Wrap a short piece of 3/4” dowel with strips cut from an aluminum can until you get a good slip fit in the shroud, then solder in a piece the same size as the window over this (solder won’t stick to the aluminum, just to the steel around the edges). I cut my filler plugs out of a wrecked Ryder shroud, and did have to do a little “bodywork” to even things up. I also glued in a sleeve (as above) for added strength, and repainted it.
They turned out ok, but I’m not looking forward to doing another. 62C6F748-980B-476B-8B6F-83633E2E0640.jpeg
 
Oops!
Just realized something and don’t want to add any confusion…
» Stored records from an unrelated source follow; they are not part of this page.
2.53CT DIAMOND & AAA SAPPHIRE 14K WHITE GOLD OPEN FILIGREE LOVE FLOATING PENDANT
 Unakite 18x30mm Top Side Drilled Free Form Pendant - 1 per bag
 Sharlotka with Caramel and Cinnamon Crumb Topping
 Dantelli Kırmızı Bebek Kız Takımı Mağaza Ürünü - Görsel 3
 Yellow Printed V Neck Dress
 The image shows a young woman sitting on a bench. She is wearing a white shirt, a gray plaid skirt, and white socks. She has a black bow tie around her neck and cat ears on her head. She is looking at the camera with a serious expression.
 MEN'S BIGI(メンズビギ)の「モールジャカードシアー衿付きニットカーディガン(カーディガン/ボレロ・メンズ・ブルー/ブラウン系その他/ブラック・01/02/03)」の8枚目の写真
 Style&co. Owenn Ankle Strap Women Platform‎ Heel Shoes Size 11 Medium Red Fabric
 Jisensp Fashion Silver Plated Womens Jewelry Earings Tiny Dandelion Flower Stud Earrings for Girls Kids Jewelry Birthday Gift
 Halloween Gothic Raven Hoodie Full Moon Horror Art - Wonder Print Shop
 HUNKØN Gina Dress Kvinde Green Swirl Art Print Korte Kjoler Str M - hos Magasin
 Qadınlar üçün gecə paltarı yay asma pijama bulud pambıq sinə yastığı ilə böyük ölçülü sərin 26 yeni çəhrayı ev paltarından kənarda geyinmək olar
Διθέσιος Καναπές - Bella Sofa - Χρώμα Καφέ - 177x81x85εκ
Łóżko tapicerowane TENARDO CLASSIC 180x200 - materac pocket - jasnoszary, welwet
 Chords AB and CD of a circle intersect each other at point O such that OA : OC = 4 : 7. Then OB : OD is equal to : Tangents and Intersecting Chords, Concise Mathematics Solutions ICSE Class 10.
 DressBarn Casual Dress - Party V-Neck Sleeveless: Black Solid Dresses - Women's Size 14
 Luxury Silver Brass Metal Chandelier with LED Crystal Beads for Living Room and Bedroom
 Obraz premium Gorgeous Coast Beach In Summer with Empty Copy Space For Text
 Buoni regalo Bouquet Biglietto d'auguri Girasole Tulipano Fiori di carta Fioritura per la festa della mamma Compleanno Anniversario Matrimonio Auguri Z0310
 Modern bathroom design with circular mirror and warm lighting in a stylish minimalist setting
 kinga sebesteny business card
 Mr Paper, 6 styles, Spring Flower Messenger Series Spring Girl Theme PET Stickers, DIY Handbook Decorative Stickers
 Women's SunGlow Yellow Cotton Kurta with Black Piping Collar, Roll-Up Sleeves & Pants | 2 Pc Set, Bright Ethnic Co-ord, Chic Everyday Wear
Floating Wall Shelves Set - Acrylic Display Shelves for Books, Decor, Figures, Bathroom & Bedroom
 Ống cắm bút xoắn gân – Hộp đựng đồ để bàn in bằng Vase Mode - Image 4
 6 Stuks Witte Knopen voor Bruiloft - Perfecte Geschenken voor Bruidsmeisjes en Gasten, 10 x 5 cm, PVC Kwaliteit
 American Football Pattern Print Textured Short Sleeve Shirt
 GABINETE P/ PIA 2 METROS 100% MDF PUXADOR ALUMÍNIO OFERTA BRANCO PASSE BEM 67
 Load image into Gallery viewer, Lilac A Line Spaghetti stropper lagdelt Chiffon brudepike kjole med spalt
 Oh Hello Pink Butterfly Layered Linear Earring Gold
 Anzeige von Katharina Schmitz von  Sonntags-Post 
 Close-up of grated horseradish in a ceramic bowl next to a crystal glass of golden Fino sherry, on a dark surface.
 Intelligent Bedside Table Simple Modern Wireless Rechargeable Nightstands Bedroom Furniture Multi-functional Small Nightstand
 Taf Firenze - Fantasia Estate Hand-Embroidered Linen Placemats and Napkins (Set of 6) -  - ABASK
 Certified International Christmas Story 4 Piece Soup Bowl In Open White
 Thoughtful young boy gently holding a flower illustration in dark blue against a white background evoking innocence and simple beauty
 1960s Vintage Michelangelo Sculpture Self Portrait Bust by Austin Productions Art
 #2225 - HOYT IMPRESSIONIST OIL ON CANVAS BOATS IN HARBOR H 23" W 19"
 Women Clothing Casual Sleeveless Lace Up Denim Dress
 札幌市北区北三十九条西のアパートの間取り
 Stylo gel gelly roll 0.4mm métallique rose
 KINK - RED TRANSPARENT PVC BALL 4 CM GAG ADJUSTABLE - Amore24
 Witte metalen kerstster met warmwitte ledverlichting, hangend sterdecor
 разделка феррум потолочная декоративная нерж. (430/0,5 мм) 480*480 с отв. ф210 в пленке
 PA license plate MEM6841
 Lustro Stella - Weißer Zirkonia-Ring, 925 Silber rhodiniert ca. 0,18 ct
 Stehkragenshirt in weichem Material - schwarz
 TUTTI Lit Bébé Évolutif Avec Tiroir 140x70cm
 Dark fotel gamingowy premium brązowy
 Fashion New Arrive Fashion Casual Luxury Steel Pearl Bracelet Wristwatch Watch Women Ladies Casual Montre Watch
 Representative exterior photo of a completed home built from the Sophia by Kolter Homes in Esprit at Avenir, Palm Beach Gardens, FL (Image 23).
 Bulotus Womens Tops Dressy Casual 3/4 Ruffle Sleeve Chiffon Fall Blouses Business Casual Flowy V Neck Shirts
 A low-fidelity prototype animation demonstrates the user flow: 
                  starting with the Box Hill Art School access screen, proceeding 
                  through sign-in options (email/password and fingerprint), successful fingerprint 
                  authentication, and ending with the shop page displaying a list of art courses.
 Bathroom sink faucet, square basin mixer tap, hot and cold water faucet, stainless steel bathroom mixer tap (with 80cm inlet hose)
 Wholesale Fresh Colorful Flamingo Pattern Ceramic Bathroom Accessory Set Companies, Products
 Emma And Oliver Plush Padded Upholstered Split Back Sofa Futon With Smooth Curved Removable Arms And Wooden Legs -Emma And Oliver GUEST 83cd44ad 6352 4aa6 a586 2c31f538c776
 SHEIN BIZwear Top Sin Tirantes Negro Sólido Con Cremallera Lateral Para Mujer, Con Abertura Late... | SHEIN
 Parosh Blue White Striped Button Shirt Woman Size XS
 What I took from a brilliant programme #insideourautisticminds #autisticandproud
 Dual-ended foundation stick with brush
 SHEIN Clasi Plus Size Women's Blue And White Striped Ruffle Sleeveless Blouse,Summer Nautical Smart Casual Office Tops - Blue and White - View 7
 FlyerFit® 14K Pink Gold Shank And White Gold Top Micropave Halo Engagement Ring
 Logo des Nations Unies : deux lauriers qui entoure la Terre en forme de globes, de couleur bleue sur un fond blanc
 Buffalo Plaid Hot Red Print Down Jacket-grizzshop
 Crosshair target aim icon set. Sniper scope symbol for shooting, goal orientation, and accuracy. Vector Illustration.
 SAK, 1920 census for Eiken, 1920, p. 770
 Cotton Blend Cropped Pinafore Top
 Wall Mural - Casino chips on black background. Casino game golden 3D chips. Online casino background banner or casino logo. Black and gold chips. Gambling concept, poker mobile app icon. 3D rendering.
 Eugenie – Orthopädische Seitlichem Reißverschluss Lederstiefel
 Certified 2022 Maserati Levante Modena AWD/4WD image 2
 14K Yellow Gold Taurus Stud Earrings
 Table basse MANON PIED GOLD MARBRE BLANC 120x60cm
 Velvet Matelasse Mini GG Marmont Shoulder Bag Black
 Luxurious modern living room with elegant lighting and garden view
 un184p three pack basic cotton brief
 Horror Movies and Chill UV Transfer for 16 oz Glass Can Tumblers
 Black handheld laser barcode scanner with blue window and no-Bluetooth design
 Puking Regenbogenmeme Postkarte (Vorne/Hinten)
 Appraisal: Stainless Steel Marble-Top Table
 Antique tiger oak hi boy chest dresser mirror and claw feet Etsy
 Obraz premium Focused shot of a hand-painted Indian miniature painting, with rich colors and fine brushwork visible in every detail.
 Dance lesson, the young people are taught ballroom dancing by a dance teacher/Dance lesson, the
Please ignore the band that is in line with the front sight. That is a separate mod for a different purpose, and has nothing to do with the loading port.
Sorry ‘bout that !
Rex
 
Thanks Mark !
This is actually the second one I did
(the first was a trial, and didn’t turn out as well… learn as we go, I guess).
The first two are soldered in place, I was soldering the underseam anyway, and figured “might as well while I’m at it”, but I think I’ll try high-strength epoxy (J.B., possibly Devcon) on the next one and see how that does.
r
 
The plastic loading door does have to be removed. There is only about a 3/8” hole through the middle of it for the shot tube to pass through, so it would be in the way of the feeder tube.
There are a couple of ways to cover the port. The easiest is to take a piece of thin sheet metal about
1-1/2” x 2-1/2” and wrap it around a socket (or something about the same diameter as the barrel shroud) insert and glue it in place. E-6000 works well for this. Just make sure you put the open part of this sleeve at the top so it doesn’t interfere with the tube, and deep enough to clear the front sight. You’ll still have the square port showing, but at least it will be covered to keep “stuff” out.
The other way is much more difficult, I’ve done it a couple of times, and it is a pain.
Wrap a short piece of 3/4” dowel with strips cut from an aluminum can until you get a good slip fit in the shroud, then solder in a piece the same size as the window over this (solder won’t stick to the aluminum, just to the steel around the edges). I cut my filler plugs out of a wrecked Ryder shroud, and did have to do a little “bodywork” to even things up. I also glued in a sleeve (as above) for added strength, and repainted it.
They turned out ok, but I’m not looking forward to doing another.View attachment 1191811
Thanks for the help.
David
 
Since it seems like this thread has died off a little I figured I'd add one of my latest small projects. Unfortunately I didn't take too many pictures along the way as it was kind of rushed. I'll have to add some of the complete gun too. I wanted to see what kind of velocity could be achieved so I took a brand new 1938b and stripped it completely. The shot tube was used to resurrect an old 86/70. In its place went a Model 499 shot tube and abutment. Without the collet and plastic sleeve the barrel is shorter so I made a sleeve out of black HDPE to support the barrel and fill the now missing loading gate. The "fins" were bored out of the inside of the front sight with a 1/2" end mill in the lathe and the last 3/4" of the barrel sleeve was turned to match. The roughly 4" long chunk of HDPE also adds a bit of weight to the muzzle end and helps to balance things out a little. I didn't find out until I was in the midst of this that there are currently no 499 plungers to be had. Back to the aforementioned HDPE stock and a .880 plunger with an o-ring groove was born. Initial testing was promising yielding 446FPS with a 1/2" spacer on the stock 1938B spring but curiosity got the best of me and I went back with a 3/4 spacer and tested again. Great success. Its averaging 475FPS using Daisy plated BBs. Accuracy looks promising, more to come on that later.